Tuesday, June 17, 2008

City Council Tosses Bottled Water

The City has talked a good game about recycling and cutting out waste, but city agencies have been slow to act. Finally after months of telling New Yorkers to stop using plastic water bottles, the City Council is falling in line and ridding itself of using plastic water bottles in the building and for functions.

From The NY Times:

Last week, the speaker’s office announced that it would stop buying bottled water for the Council’s downtown offices, which went through at least 6,000 single-serving bottles last year. As a result, bottled water will no longer be available at City Council events or official functions.

“We are obviously going to make paper cups available,” said Christine C. Quinn, the Council speaker. “We are going to urge people to bring in their own reusable water bottles.”
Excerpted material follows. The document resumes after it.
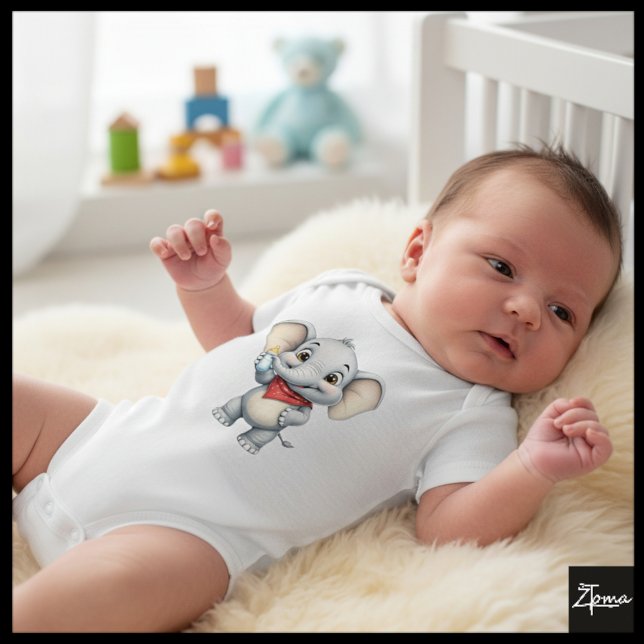 Body Eléphant bébé avec bouteille de lait (Créateur téléchargé)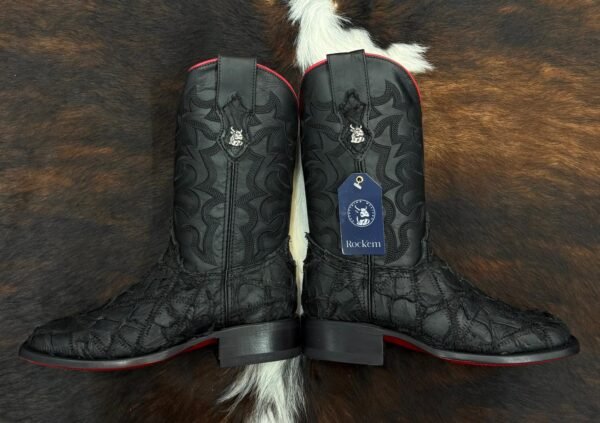 RLPPBM LUKE EXOTIC PIRARUCU PATCHWORK MATTE BLACK R/B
In addition, the city has started a pilot program with water coolers that use filtered tap water. Nine of the coolers have been installed in the last six months at City Hall and in the Municipal Building.

“It is a bit hypocritical for the city to be buying bottled water for city buildings while it is encouraging New Yorkers to drink city tap water,” said Simcha Felder, a Brooklyn councilman who pressed the cooler issue at budget hearings.


Just a lil' bit Mr. Felder, just a lil' bit. Good job on getting the Council to conserve plastic. It may be a small part of the waste New Yorkers make, but a step in the right direction is still movement. Now if only they could cut down on all those useless bills Council Members like to propose so their constituents think they're busy. Then we'd really be making a difference.